Tuesday, August 7, 2012

My eyes

I have decided to keep a journal of what is going on with my eyes.

It probably started last year, unknown to me. At my yearly exam my eye Dr. noticed some white spots on my pictures of my eyes. I have had tons of floaters for as long as I can remember and I said that that was probably all they were.

This year when I went back the same spots were there in the exact same places so they obviously were not floaters plus I had a ton more. Also my vision could not be brought even to 20/25 with correction and I was refereed to Dr. Sung, an eye specialist in Tri cities. My Dr. was concerned enough to pull some strings to make this happen pretty quickly. My good friend Charlotte and her husband Chris drove us because my husband can no longer drive and I had to have my eyes super dilated. They also injected contrast dye and took tons of pictures. The process was pretty painful for me. My eyes have always been very light sensitive... to the point that my glasses have a permanent tint as well as the photo gray option.

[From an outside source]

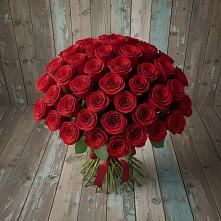Букет 55 Красных роз Фридом #REPLACE_PRED# Углеуральском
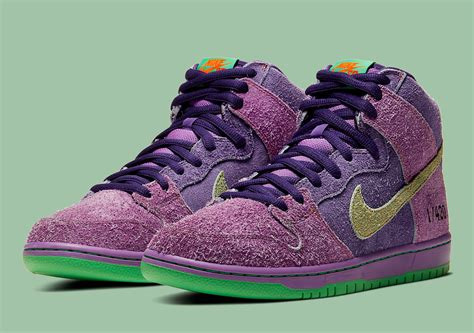 nike sb 420 dunks|Nike skunk 420.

I was asked to return to Dr. Sung's office 2 more times. On my second visit they repeated all of the tests from the first visit and on the 3rd they did a visual field test. For quite a while now I have been tripping over things but I have always been a bit (okay, more than a bit) clumsy and just assumed that clumsiness was getting worse with age. What I discovered was that I have lost quite a bit of visual acuity that we cannot seem to correct by upgrading my lenses anymore and my visual field is shrinking..... basically tunnel vision.... so if I don't remember to look differently I don't see things that should normally be within my frame of vision. My depth perception has also been affected and that makes even a simple task like going down a flight of stairs hard for me. The fact that my eyes are constantly trying to bring my world into focus but can't is also causing dizzy spells and severe head aches.

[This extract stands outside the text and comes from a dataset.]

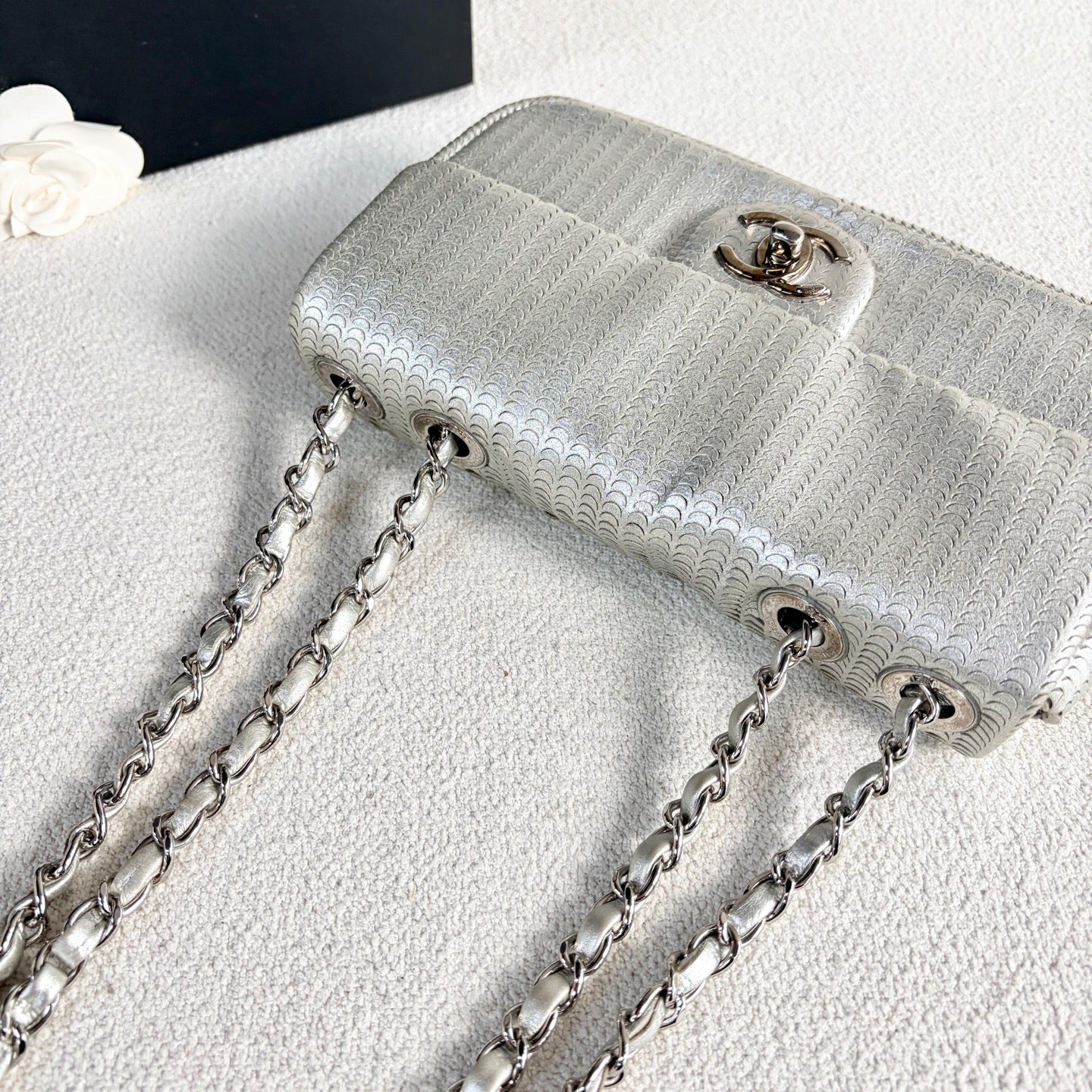 Chanel - Classic Flap Mini - Cowhide leather - Silver - (mini)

Rather than being diagnosed in Tri cities Dr. Sung sent me to the Casey Eye clinic which is part of the Oregon Health and Sciences University campus in Portland. I was already nervous because of the speed with which Dr. Sung's office tested me and knew I was in trouble when an eye specialist referred me to another eye specialist. I was told I was being sent to OHSU for confirmation of a diagnosis of "White Dot Syndrome". I, of course, did some research and was not thrilled with what I was reading but it did at least sound treatable. From what I read they probably could not return vision lost but maybe could slow the process.

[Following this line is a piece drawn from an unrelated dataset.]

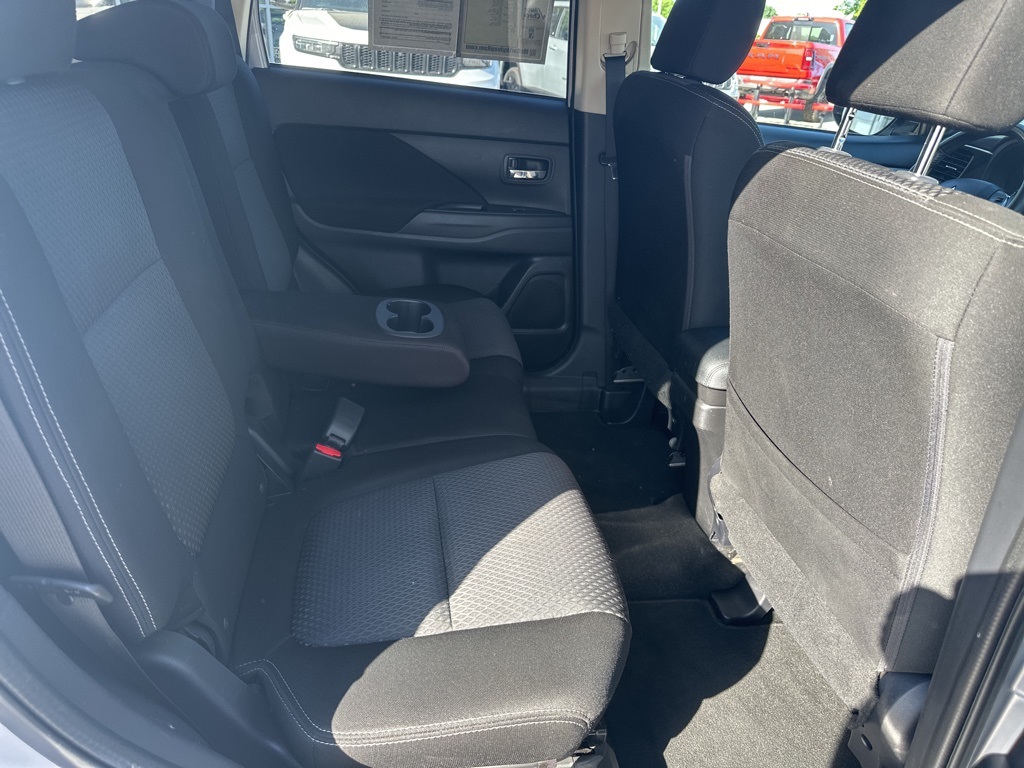 Vehicle image 48 of 70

A friend from church drove us to Portland where I underwent 3 hours of testing very similar to what Dr. Sung's office had done. The specialist I was assigned to see there also ordered some additional tests that were done immediately and then asked 2 other specialists to review the tests and examine my eyes. It was a bit unsettling to listen to these three specialists stand outside my room and talk about how weird I was. Finally all 3 came in to talk to me and said they did not concur with Dr. Sung's diagnosis but felt I was looking at a condition called Fundus Flavimaculatus which is a genetic condition. I was referred to yet another specialist within the Eye clinic on the OHSU campus and am now awaiting my appointments in November. I was very 
concerned about how far out these appointments are but then was told if this diagnosis is correct, there is no treatment...... nothing that can be done to correct or even slow the process. I was sent a rather extensive personal and family history form to fill out. I questioned all of this because there is no history of similar issues that I know of in my family but was told this is most often a recessive gene that is carried for several generations with no issues until it for some reason mutates in someone and  the symptoms I am dealing with then show up.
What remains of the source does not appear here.